= Georges Imbert =

French inventor (1884–1950)

Georges Christian Peter Imbert (26 March 1884 - 6 February 1950) was a French chemical engineer and inventor. He became famous for the invention of the wood gas generator.

== Early life ==
On 26 March 1884 Imbert was born in Niederstinzel, France, a small town about ten kilometers from Sarre-Union. He was the oldest of four children.

After primary school in Diemeringen, he attended Sarreguemines High School. Because of his academic success, his father enrolled him at the School of Chemistry Mulhouse, which at that time was one of the most famous in Europe. Three years later Imbert acquired a degree in chemical engineering; his interest in the subject led him to pursue his own research further.

At the age of 20 he filed his first patent.
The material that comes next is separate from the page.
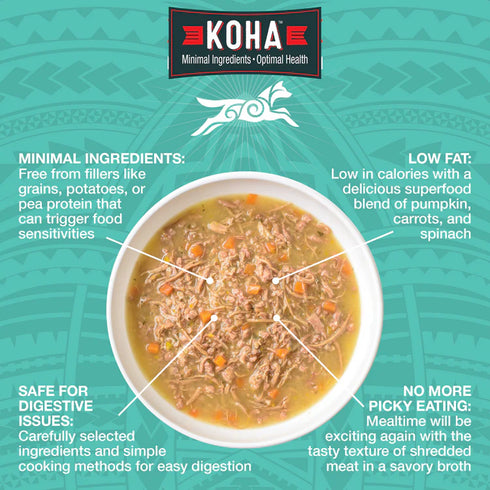 Koha Pure Shreds Wet Dog Food - Duck - 12.5oz Can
Over the next ten years he developed various industrial processes and filed several additional patents for them.

In 1908 he opened a soap factory in Diemeringen where he applied many of the industrial processes he had patented. He also worked as a research scientist in Manchester.

From 1915 to 1918 Imbert was enlisted in the German army where he worked as a chemist in the factory "Königswarter and Ebell" in Linden and in the factory "Pintsch" in Berlin.

After he was demobilized in 1918, Imbert produced soap at the mill in Diemeringen.

== Invention of the wood gas generator ==
At the same time Georges Imbert embarked on experiments to transform coal into liquid fuel. He even managed to make synthetic gasoline; however, it was too expensive. By then he had abandoned the liquid fuel solution and became interested in gas generators. In the early 1920s he created a generator that utilized charcoal.

In 1921 Imbert built a charcoal gasifier and two years later he succeeded in gasification for a vehicle.

In 1923, the Army, informed by De Dietrich of the invention, asked Imbert to build a wood gasifier for the French government. Imbert set up his gas-fired plant (1925) at Sarre-Union, rue de Bitche, in a hat factory. De Dietrich, which had the industrial capacity in metallurgy and the automobile, set up a workshop for him at Reichshoffen. In 1925, he patented various processes on gas generators. De Dietrich, for their part also filed a patent on gasogens, which pushed Imbert to end this partnership in 1926.

After buying the "Chalet", a beautiful home in Sarre-Union, he created the Compagnie Générale des Gazogens Imbert in 1930.

Despite the enthusiasm of André Maginot, Minister of War, the gasifier struggled to break through in France. In 1931, Georges Imbert was forced to sell some of his licenses to his representative in Germany.

In 1934, his brother, Jean-Paul, tried to sell gasogen to the United States.

The success in Germany allowed Imbert to continue developing his technique in Sarre-Union. He was developing a gasifier that could use green wood without clogging the engine.

During the evacuation of Sarre-Union in May 1940, he moved with his family to Epinal in the Vosges. On his return in September of the same year, he returned to work by becoming an employee of his former company bought by "Imbert Köln".

The recognition of Georges Imbert's work in 1944 by all the European manufacturers marks the celebration of the life of the chemical engineer. The German press called him the "pope" of the gasifier. Germany used the wood gasifier in all military operations on tanks, armored cars and ammunition trucks.

== End of life ==
Having lost a son on the Russian front and feeling responsible, Imbert became an alcoholic.

In December 1944, Sarre-Union was released by the Americans. Georges Imbert was not imprisoned for working for the Germans. However, his property was sequestrated and sold as war damage in 1945. Imbert lost interest in everything and died a few years later, in 1950, at the age of 65.